Can this event hurt me?
Can I prevent it?
can I sacrifice something to counter the effect? (Sac to Fallen Angel to avoid control magic for example.)
can I cast a spell which nullifies the effect? (Giant growth vs Lightning Bolt on a creature.)
can I counter the spell (if it is a spell) or ability (if it is an ability?

I know these are hard questions to answer and obviously the game isnt going to be always able to answer them correctly. But an attempt to do so is better than no attempt...Shandalar does try to some extent, though it is weak. Very occasionally playing that game I found myself surprised by a move the computer made (not counting the weirdnesses that let it do some very odd things indeed.)

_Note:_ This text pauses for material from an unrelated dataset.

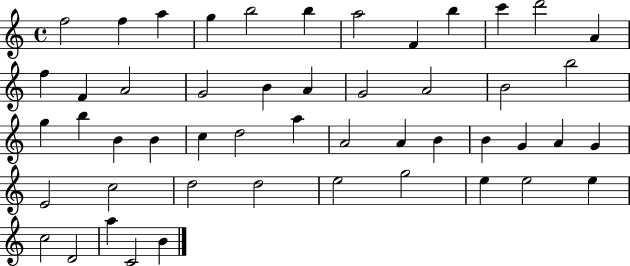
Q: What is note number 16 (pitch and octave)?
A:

Im confident that mtgrares will eventually figure out the answers to some of these questions as he loves the game and loves programming. I hope we can help him figure out how.

Anonymous said...

I feel almost positive the Shandalar AI had a "do a completely random move" routine, because that's the only way to explain some of its behavior... such as using Tawnos' Weaponry on one of my creatures for no reason whatsoever (it had literally no effect... neither deck had anything that cared about the power of that creature, it wasn't under threat of lethal damage, it wasn't even in combat).

On the plus side, making an AI using any of the aforementioned techniques would probably create one superior to the Shandalar AI, so we can take heart from that. ;)

Anonymous said...

Never played Shandalar, but I believe it had a limited set of cards and more than one programmer working on it.
The fact that the set of cards do not evolve allows for the kind of AI you're talking about, but for long term "add as much card as we can" systems such as MTG Forge, this becomes difficult.
For each new card you add, you have to update the AI, not only to take into account the new card, but how the AI should handle the OLD cards now that there is this possibility of this new card being in the game.

The five questions you think the AI should ask itself are, IMO, really difficult to solve, and need lot of extra information from the coder, for a result that will be, at best, acceptable.

I'm not saying this is not a good idea, but I'm pretty sure that you (the player) will find the limits of such an AI after a few games.

Basically, you have to keep in mind that a computer does not think. The best AIs just try all possibilities and choose the best. That's called minimax, and it works.

Gando the Wandering Fool said...

Willow you havent said anything I disagree with though I might quibble with your syntax :)

Forge said...

My blogs about the AI always gets the most number of comments. Thanks for everyone input. Basically we all know that writing any AI is hard and writing a good AI is extra hard.

Thanks for the general praise also. Magic is fun and MTG Forge is fun.

Forge said...

Hopefully version 2 with have a some version of alpha-beta pruning. The hard part is making actions "undo-able" so that the AI can look ahead and then reset the game state.

Anonymous said...

good luck, I wanted to add an undo feature to my code, but currently that would take too much time and it wouldn't be that fun... so I gave up and will go with a basic stupid AI for the moment.

Forge said...

Well in order to use a search algorithm for the AI like alpha-beta pruning you have to have an "undo."

Silly Freak said...

what the deck works like is maybe hard... that's 60 cards to "think of" at the same time. I hope that something like "i have 60 life, so test of endurance would be good now." is possible.
test of endurance is an enchantment that only has a triggered ability, so it doesn't really do anything to the board what i think is easily spotted by the AI.

maybe doran is similar. you can say he's a 5/5 or so, but it's not so easy to see for the AI. say you evaluate the board by summing the power of creatures. this makes your results very odd. the right way would be to sum up the "potential combat damage", which may be tricky.

generally, effects that change the rules in an unusual way are tricky to evaluate, because the evaluation function relies on "expert knowledge". and minimax helps only when you either play games to the end (very consumptive) or evaluate the state after a few iterations to see what the best move is.